Comparison of learning-related neuronal activity in the dorsal premotor cortex and striatum
Brasted, Peter J.;
Wise, Steven P.
Previous studies have reported learning‐related changes in neuronal activity during conditional visuomotor learning, also known as arbitrary sensorimotor mapping, conditional visual discrimination, and symbolic or endogenous mapping. Qualitatively similar observations have been reported for the dorsal premotor cortex, the supplementary eye field, the prefrontal cortex, the hippocampus, the striatum and the globus pallidus. The fact that cells in both the dorsal premotor cortex (PMd) and the basal ganglia show changes in activity during associative learning enables a test of the hypothesis that cortex and basal ganglia function in distributed architectures known as cortical–basal ganglionic modules or 'loops'. We reasoned that if these loops represent functional entities, as proposed, then learning‐related changes in activity should occur simultaneously in both the cortical and striatal nodes of a loop.
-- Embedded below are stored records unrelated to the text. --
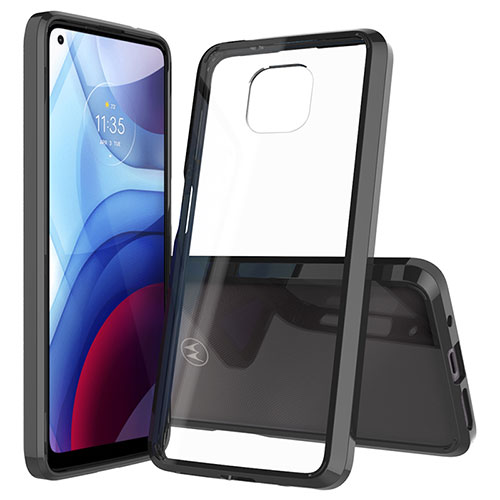 Silicone Transparent Frame Case Cover for Motorola Moto G Power (2021) Black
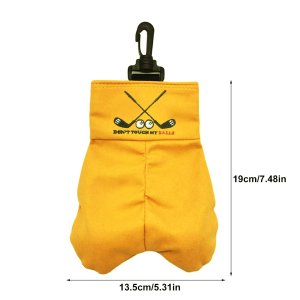 Golf Tee and Ball Holder with Carabiner Hook Holder Clasp in Yellow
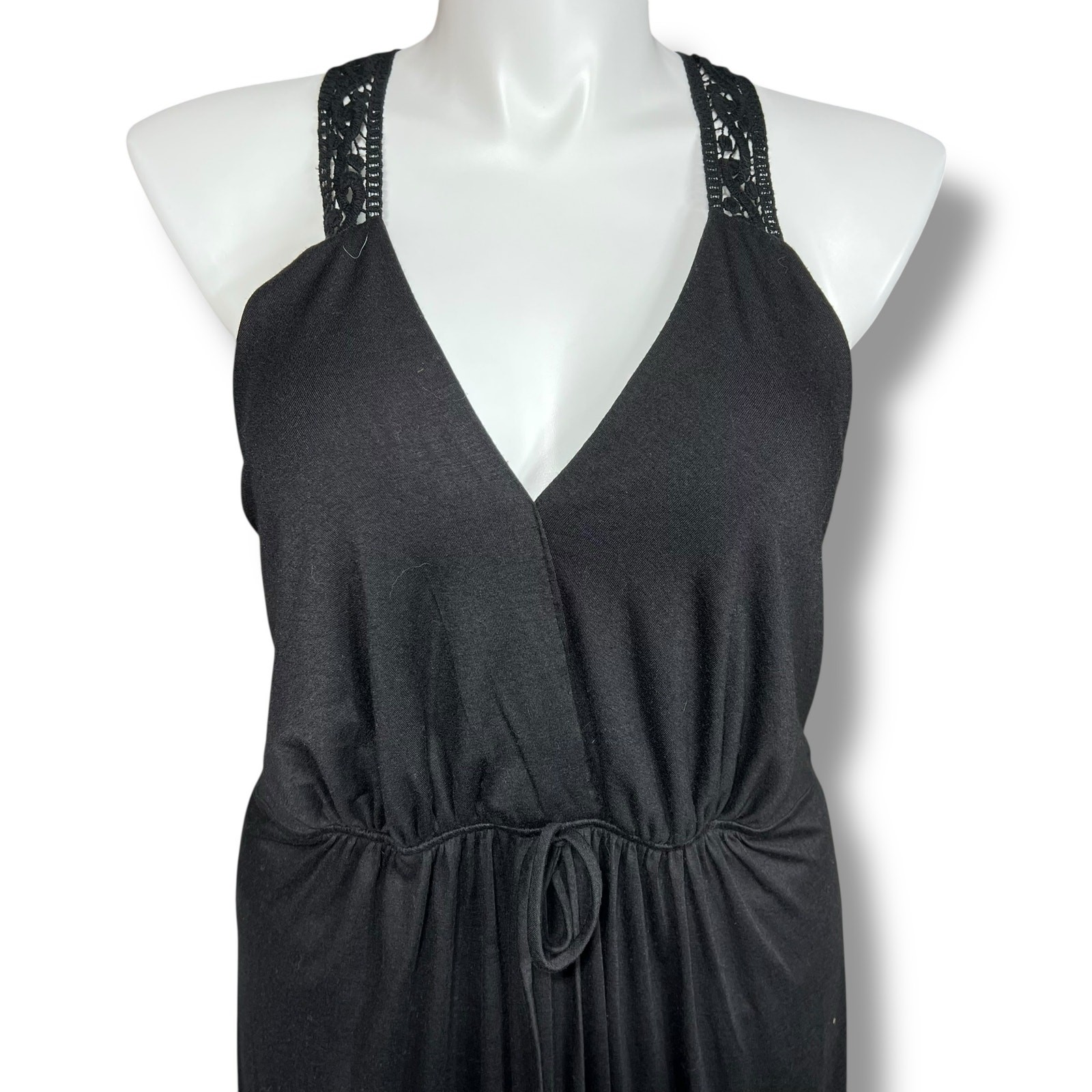 Vintage Torrid Womens Maxi Blouson Sundress V Neck Sleeveless Lace Back Black 4X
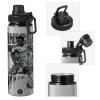 Metallic water bottle with safety cap, 850ml aluminum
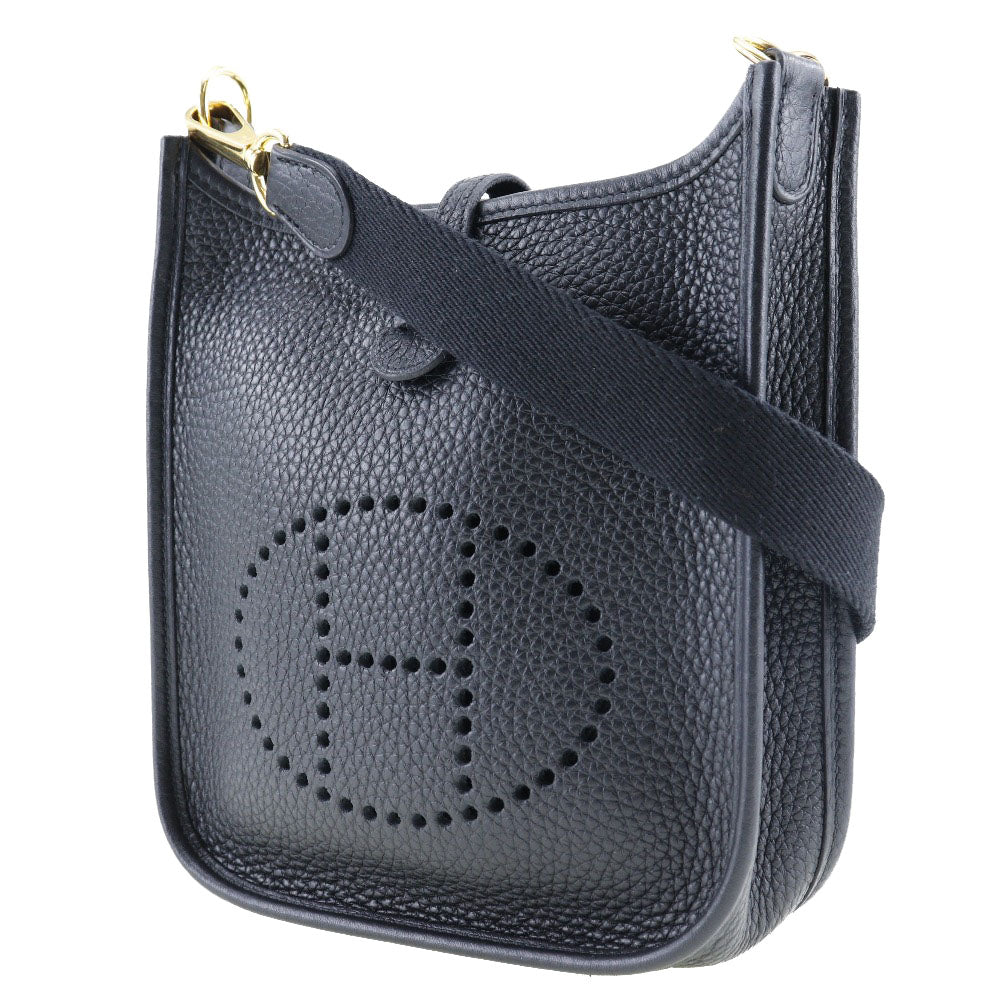 HERMES Shoulder Bag Taurillon Clemence Black/Gold Metal Amazone Evelyn TPM Women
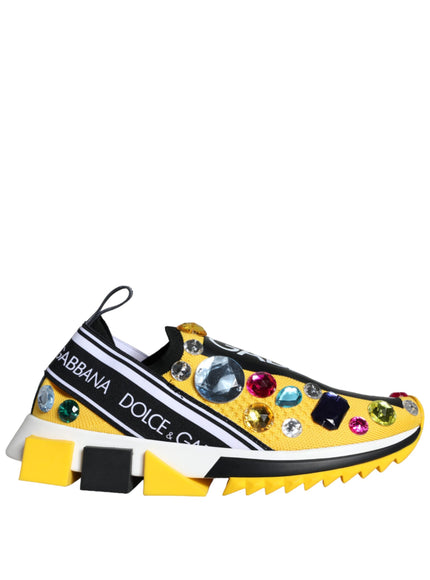 Dolce & Gabbana Yellow Sorrento Crystals Sneakers Womens Shoes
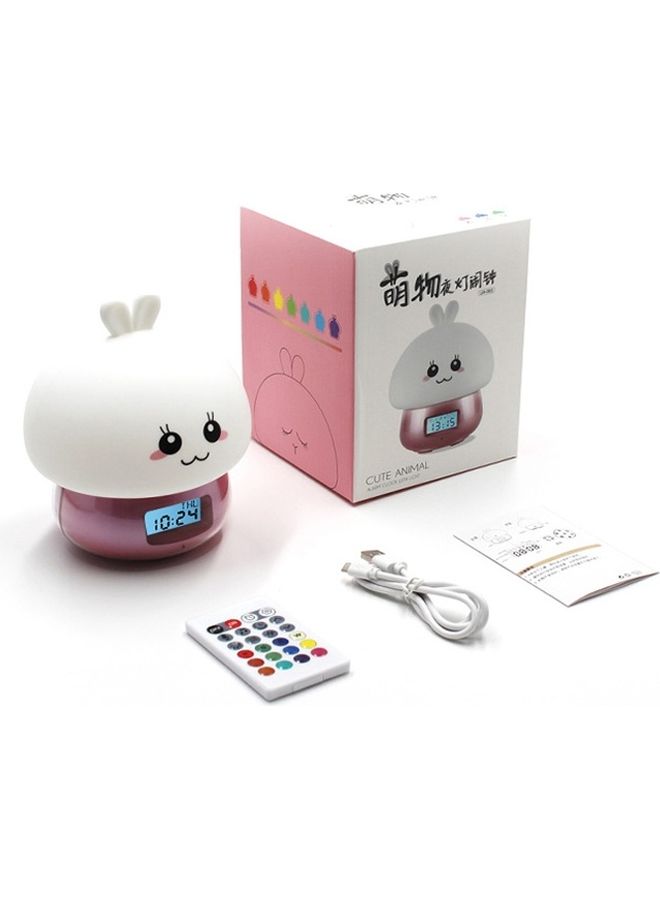 NIBEMINENT DIY Recordable Alarm Clock With Night Light White/Pink/Black - Image 2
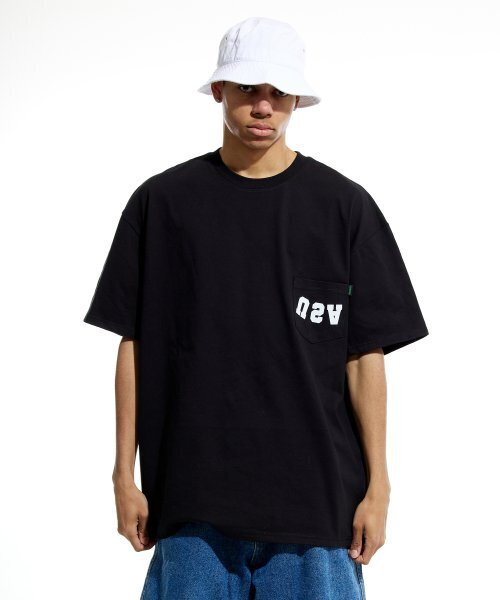 CREAM SODA LAB(クリームソーダラボ)の「リバースUSAオーバーサイズヘビーウェイトポケット半袖Tシャツブラック(Tシャツ/カットソー・レディース・その他・MEDIUM/LARGE/X-LARGE)」の3枚目の写真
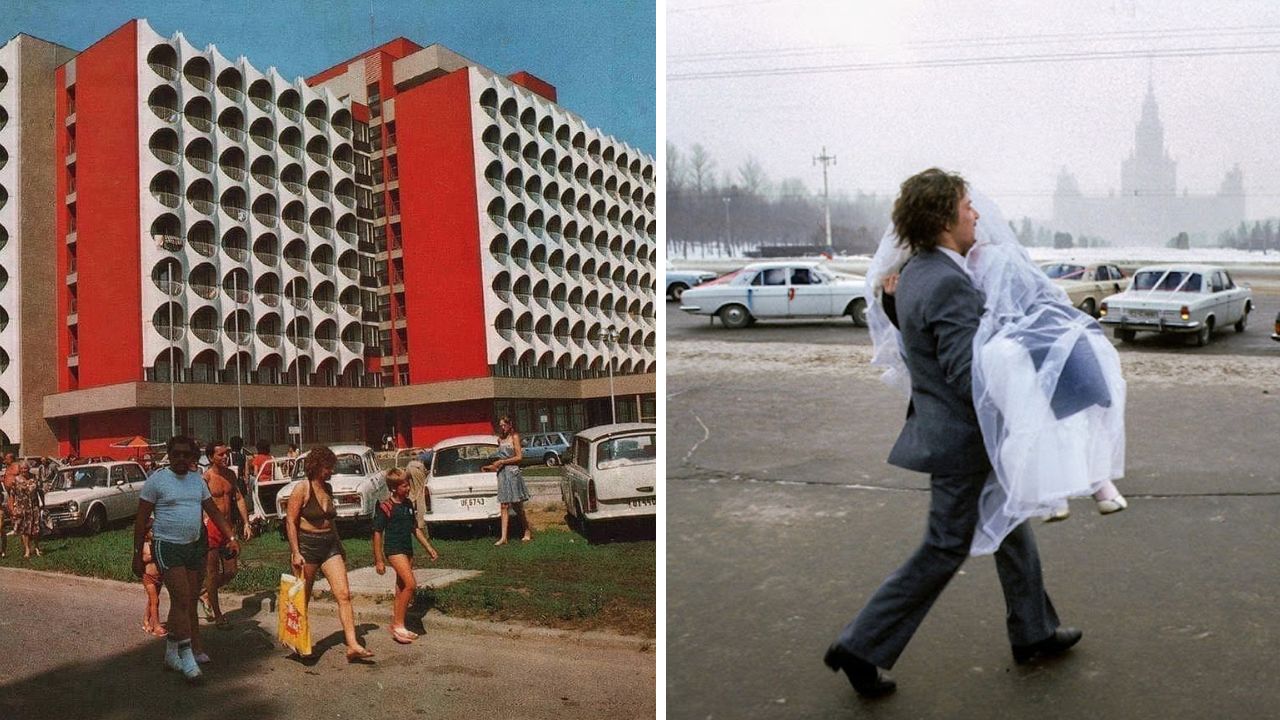 Ľudia pred modernou budovou v letnom dni; svadobný pár na ceste mestom. Retro scéna.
The present results confirmed this prediction; as monkeys learned conditional visuomotor associations, neurons in the premotor cortex and associated parts of the putamen changed their rates at approximately the same time. For the largest number of neurons, the evolution in neural activity occurred in close correspondence to the monkeys' learning curves. As a population, however, learning‐related changes in activity continued after the monkeys reached an asymptote in performance.